Flood management, let’s plan together

With the impacts of climate change on our environment it is expected that Banyule, as with all of Melbourne, will experience less regular but more intense rainfall and storm events that result in increased risk of flooding.

Managing property and drainage infrastructure is essential to minimising flooding risks and potential property damage.

In February 2018, we asked for your feedback on Council’s overall flood management performance. A survey was sent to 46,000 households. A total of 2,432 respondents responded to the survey with the majority completing and returning the postcard survey (93%) and one in ten completed the survey online at Shaping Banyule.

When we asked you what your number one priority for action was:

  • 56% answered - Cleaning and fixing drainage pits and pipes
  • 17% answered - Planning and building new drainage infrastructure
  • 13% answered - Reusing stormwater and reducing pollution
  • 12% answered - Improving planning and building controls
  • 2% answered - Better information and education

Where to from here?

We are currently reviewing Council drainage guidelines, policies and operational processes to better manage flooding and drainage in Banyule.

Here's a snapshot of what we are doing:

  • Operational processes - we are currently reviewing Council processes for stormwater inspections and with the help of new technology, we aim to improve our proactive maintenance program.
  • Building Over Easement Guidelines - we are reviewing the Building over Easement Guidelines to give Council greater access to assets for maintenance and inspection purposes.
  • Capital Works - We are committed through Capital Works funding, to building new infrastructure to protect flood affected properties.
  • Stormwater Guidelines for New Developments - we are reviewing the Stormwater Guidelines for New Developments, to bring Council in line with the new provisions added by the State Government on Stormwater Management. As Melbourne develops and the population grows, the extent of hard surfaces will increase. Climate Change is also expected to increase the frequency of extreme storm activity. We will be looking at the impacts of stormwater runoff and how to manage it and will also look at effective urban runoff through Water Sensitive Urban Design (WSUD) ie. when stormwater is captured and filtered to remove litter and pollutants before being discharged into the stormwater system, rivers and creeks (refer to the photo of Water Sensitive Urban Design (WSUD) in Were Street, Montmorency).
  • Education - We will continue to educate and give advice to the community on how to protect their properties from flooding.

What is flooding?

Flooding happens for a number of reasons and impacts on individuals and communities in different ways. In an area like Banyule, problematic flooding happens when the amount of rain is too much for the drainage system to handle and storm water overflows onto land. Learn more about local flooding issues by reading an information sheet from Melbourne Water.
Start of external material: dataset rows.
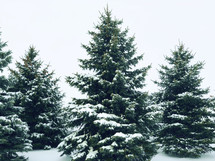 Winter snow on Christmas evergreen pine trees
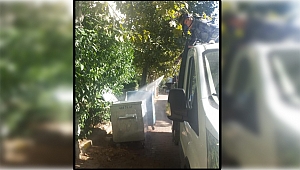 Darıca'da sinek ve böcekle mücadele sürüyor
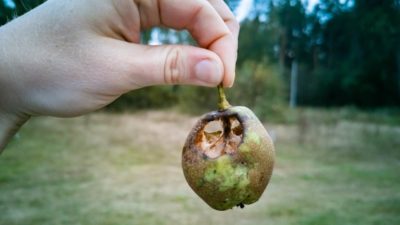 A hand holds up a rotten apple in an orchard.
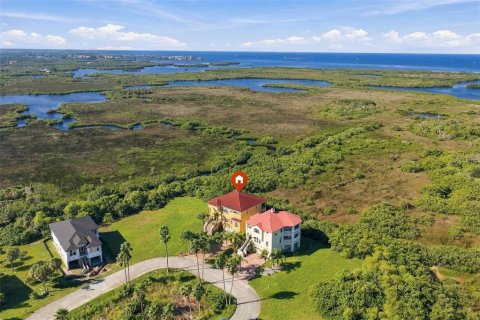 Villa ou maison à louer à Port Richey, Floride: 4 chambres, 392.23 m2 № 2416872 - photo 3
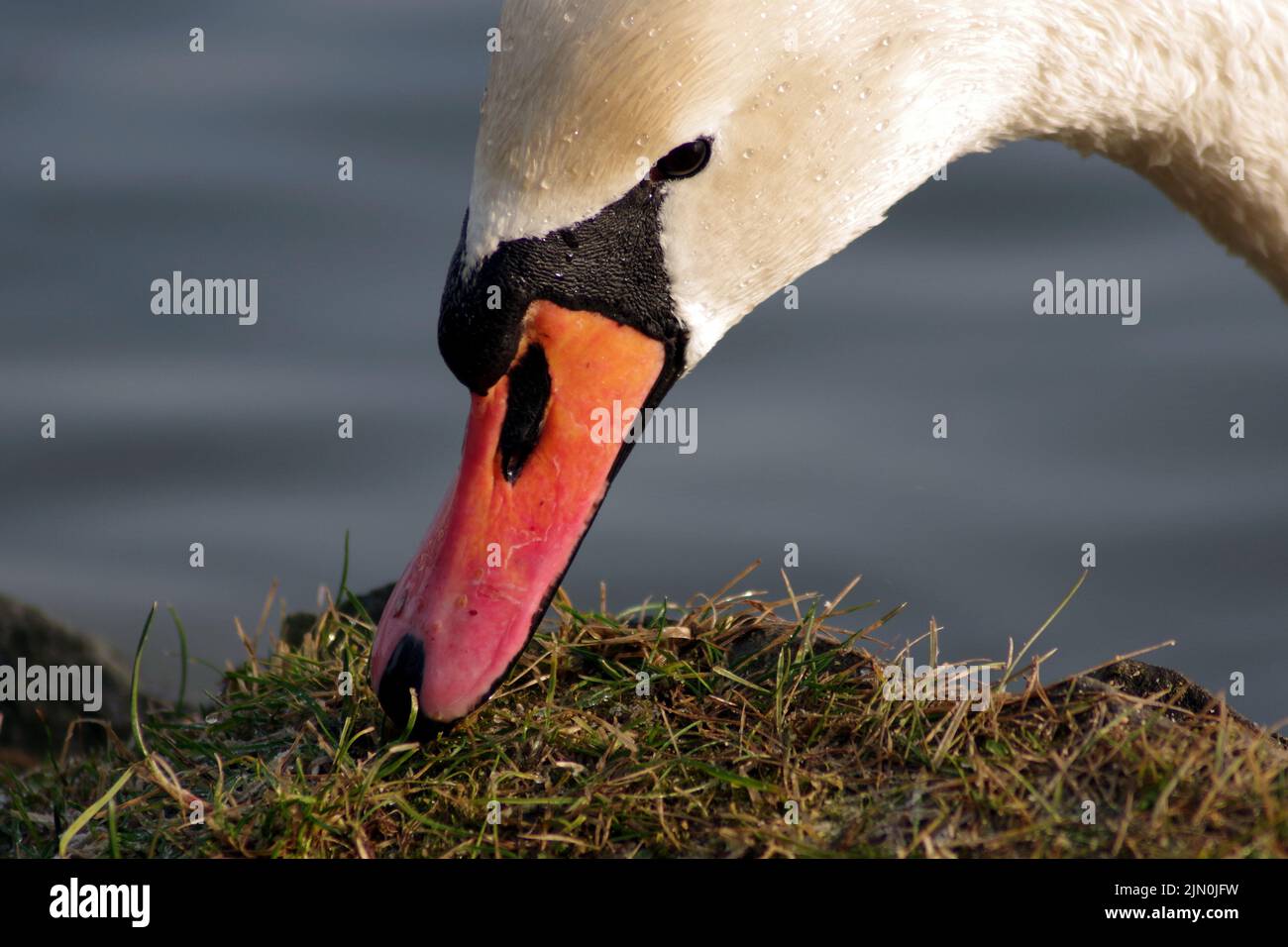 Cygne blanc sur le lac. Banque D'Images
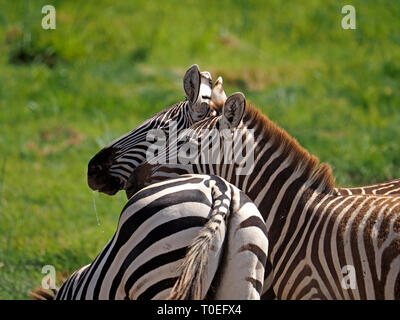 3 pianure o la Burchell zebre (Equus quagga) due con teste affiancate su retro del terzo nella prateria sulle pianure di Amboseli NP Kenya, Africa Foto Stock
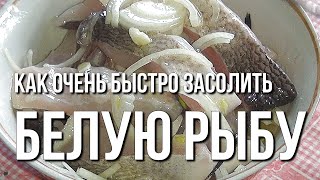 Как очень быстро засолить белую рыбу. Морозко - скоросолка из белой рыбы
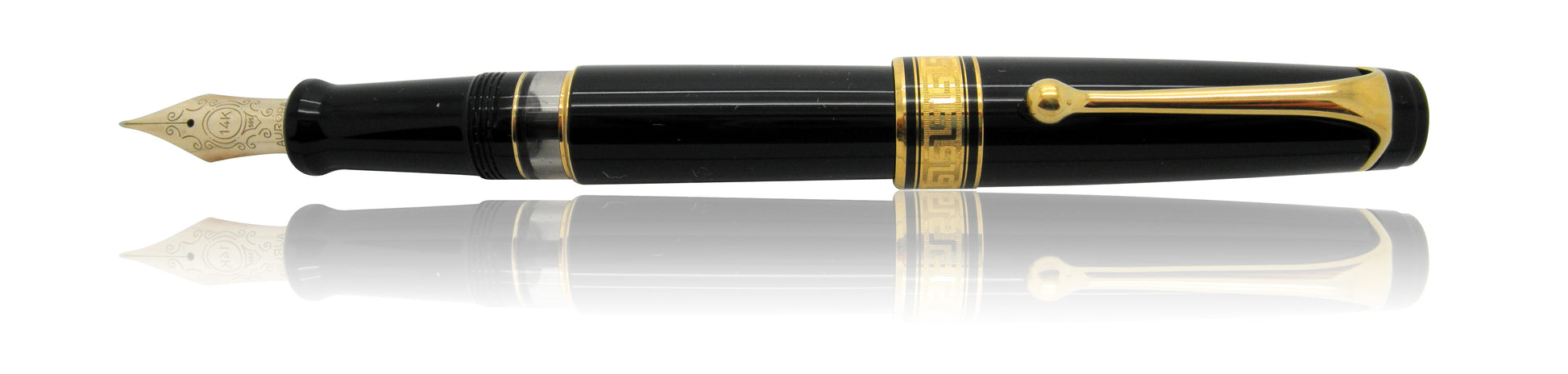 Delta Isaac Newton Limited Edition Fountain Pen 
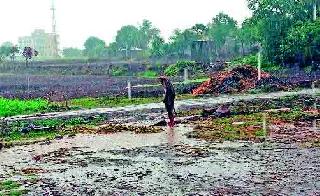 Rainfall of rain in Dindori taluka | दिंडोरी तालुक्यात पावसाची संततधार Rainfall of rain in Dindori taluka | दिंडोरी तालुक्यात पावसाची संततधार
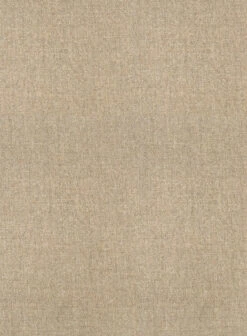 Naples Gondola Beige Tweed Pants -Elite Attire Store naplesgondolabeigetweedpantlook 2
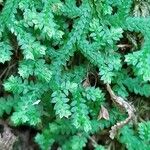 Selaginella denticulata List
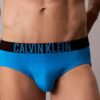 Intense Power Motion Brief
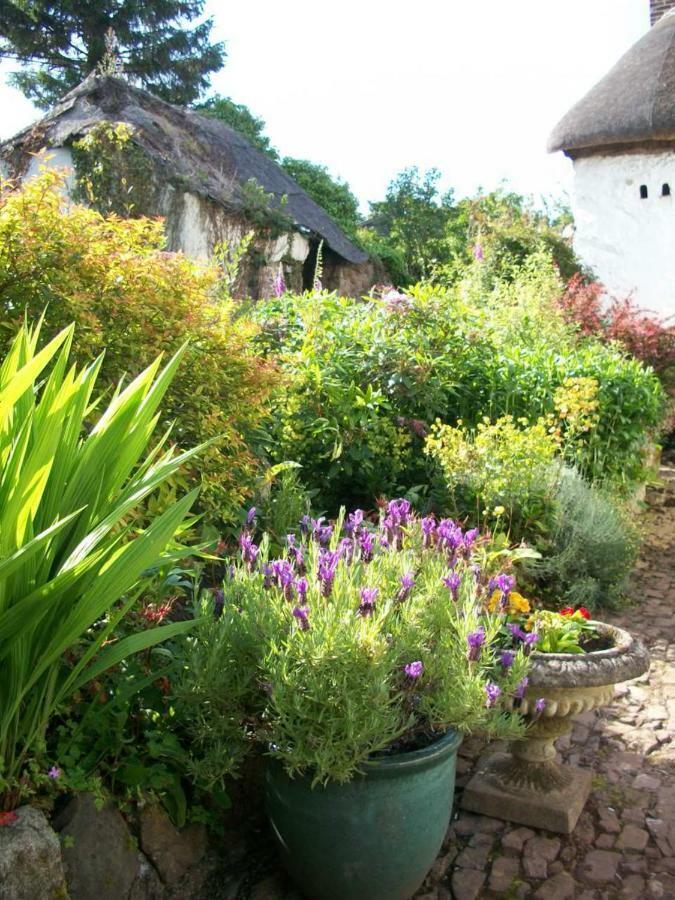 Middletown Farmhouse B&B Okehampton Exteriör bild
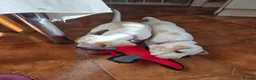 Beagle dogs for sale: Health Tested & Kennel Club Registered Beagle Pups - Advert 33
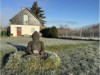 Bilde 4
Flood management throughout Banyule is a joint responsibility between Melbourne Water and Council.

  • Melbourne Water look after large catchment areas and some drains, pits and pipes
  • Council look after all other drains, pits and pipes

Council supports the drainage network by:

On the ground works:

  • cleaning
  • repairs
  • stormwater collection & reuse

Planning and carrying out upgrades including:

  • flood modelling
  • capacity reviews
  • building new infrastructure and replacing existing infrastructure

Influencing change on private property including:

  • keeping clear paths for storm water flow
  • stormwater collection and discharge into the drainage network
  • floor level designs above flood level as part of building and planning permits

Flooding advice including:

  • during property sales
  • to existing property owners

Assisting with emergencies

  • Supporting the work of the SES and assisting with clean up

You play an equally important role in dealing with flooding. Being prepared is key to managing the risk of damage to your property.

Practical steps you can take include:

  • Install a good drain system on your property and keep it well maintained
  • Install rain water tanks and capture and reuse water on site
  • Reduce hard surfaces around your property
  • Do not place items or build things on known stormwater overland paths
  • Let us know if stormwater pits are blocked
  • Pay attention to flood warnings issued by the Bureau of Meteorology
  • Get regular localised updates at emergency.vic.gov.au
  • During a flood storm emergency remember to contact the State Emergency Service on 132 500 for assistance.